Malta has been invited to join an international board of experts overseeing the building of the world’s largest radio telescope, which will survey the heavens 10,000 times faster than present technology.

The news comes just as the Square Kilometre Array (SKA) project, which will reveal untold secrets about the universe, last month got the green light for €650m construction of the telescope’s first phase.

Astrophysicist Kristian Zarb Adami.Astrophysicist Kristian Zarb Adami.

The SKA – which will have thousands of antennas and dishes in Australia and Africa, and which is one of the biggest scientific infrastructures on earth – is hoping to answer some of life’s elusive questions, such as: is there other life in the universe?

Anticipation is high among leading scientists and engineers that the SKA project will challenge Albert Einstein’s theory of general relativity, enable the understanding of black hole formation and pave the way for a wealth of other discoveries.

So it is an exciting time for the island, through the Malta Council for Science and Technology, to join 11 countries as an observer on the SKA Board. After a year, Malta should transition to full membership.

MCST chairman Jeffrey Pullicino Orlando confirmed he had appointed astrophysicist Kristian Zarb Adami as his representative on the board.

Securing observer status was an honour for the country, Dr Pullicino Orlando said, especially since until a few years ago it was “unheard of that Malta could have an interest, let alone a role within the space sector”.

SKA director general Phil Diamond told The Sunday Times of Malta that observer status let the island learn about the project, participate in SKA design and activities, and prepare its application for full membership.

Prof. Diamond said the request from Malta did not come as a surprise even though the island was not renowned for its radio astronomy pedigree.

The recent formation of the Institute of Space Sciences and Astronomy, within the University of Malta, had been critical in securing a position.

“This indicated Malta was serious about developing capability in astronomy instrumentation,” Prof. Diamond added.

Dr Zarb Adami, who is a director of ISSA, said it was a “great honour and responsibility” to represent Malta on what will be one of the biggest ground-based observatories for the next 30 years.

It’s the equivalent of designing the satellite decoder you have under your TV, but more challenging

A lecturer at Oxford University’s Astrophysics Department, Dr Zarb Adami is already involved in the SKA project, leading the signal processing work package. This means he is responsible for taking the signal that comes from the satellite dish or TV antenna and turning it into the image you see on on the television screen.

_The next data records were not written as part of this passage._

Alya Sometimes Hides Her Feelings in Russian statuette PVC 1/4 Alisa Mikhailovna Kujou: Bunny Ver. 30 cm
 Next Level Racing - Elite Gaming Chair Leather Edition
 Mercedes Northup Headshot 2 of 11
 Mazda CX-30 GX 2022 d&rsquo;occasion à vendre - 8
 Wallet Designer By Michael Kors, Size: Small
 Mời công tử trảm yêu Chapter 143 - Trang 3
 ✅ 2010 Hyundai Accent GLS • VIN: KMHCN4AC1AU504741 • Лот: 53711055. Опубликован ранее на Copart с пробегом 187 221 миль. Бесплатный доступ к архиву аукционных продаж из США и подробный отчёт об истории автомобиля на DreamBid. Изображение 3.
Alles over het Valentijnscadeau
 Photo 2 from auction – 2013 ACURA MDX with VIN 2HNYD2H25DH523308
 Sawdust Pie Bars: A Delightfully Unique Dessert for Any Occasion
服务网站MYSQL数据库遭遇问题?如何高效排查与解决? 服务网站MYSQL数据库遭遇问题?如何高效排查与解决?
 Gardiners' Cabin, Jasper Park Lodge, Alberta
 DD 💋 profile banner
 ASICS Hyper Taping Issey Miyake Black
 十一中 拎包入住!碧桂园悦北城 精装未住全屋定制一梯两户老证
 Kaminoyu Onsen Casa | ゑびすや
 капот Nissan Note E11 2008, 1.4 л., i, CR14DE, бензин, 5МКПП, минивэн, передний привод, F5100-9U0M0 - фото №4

“It’s the equivalent of designing the satellite decoder you have under your television set, but more challenging because it entails handling data that is a thousand times faster than your average cable connection,” Dr Zarb Adami explained.

Asked why this telescope project was so important and how it would affect people’s lives, Dr Zarb Adami said although the scientific results might not have an instant direct bearing, the technology spin-offs from the SKA would.

Malta, he said, was already witnessing a spin-off from an antenna designed for the mega-telescope and the university was seeking to commercialise this.

The advantage of this design is that this antenna can combine numerous communication channels – mobile, Wi-Fi, Bluetooth, GPS – into a single antenna, reducing the number of different antennas in a mobile phone.

More than 100 companies and institutions in 20 countries are involved in the research and development, working across 12 time zones on this ground-breaking project, which will for the first time enable humans to comprehensively map the universe.

SKA communications manager William Garnier said that with the amount of information this mega-telescope would collect from the sky, it would push computing technology and boost education and career opportunities, as well as generate socioeconomic benefits for the countries involved.

Zooming in on the Square Kilometre Array project

The SKA will eventually use thousands of dishes and up to a million antennas that will enable astronomers to monitor the sky in unprecedented detail and survey the entire sky much faster than any previous system.

Its unique configuration will give the mega-telescope unrivalled scope in observations, largely exceeding the image resolution quality of the Hubble Space Telescope.

The SKA will permit a wealth of other discoveries in areas as diverse as the formation of planets similar to the earth and the origin of cosmic magnetic fields. But the most significant discoveries to be made by the SKA are those we cannot predict.

Phase 1 of the SKA – the construction – will start in 2018 and finish in 2023, already producing over five times the estimated global internet traffic of 2015 in raw data, the equivalent of more than 35,000 DVDs worth of content every second.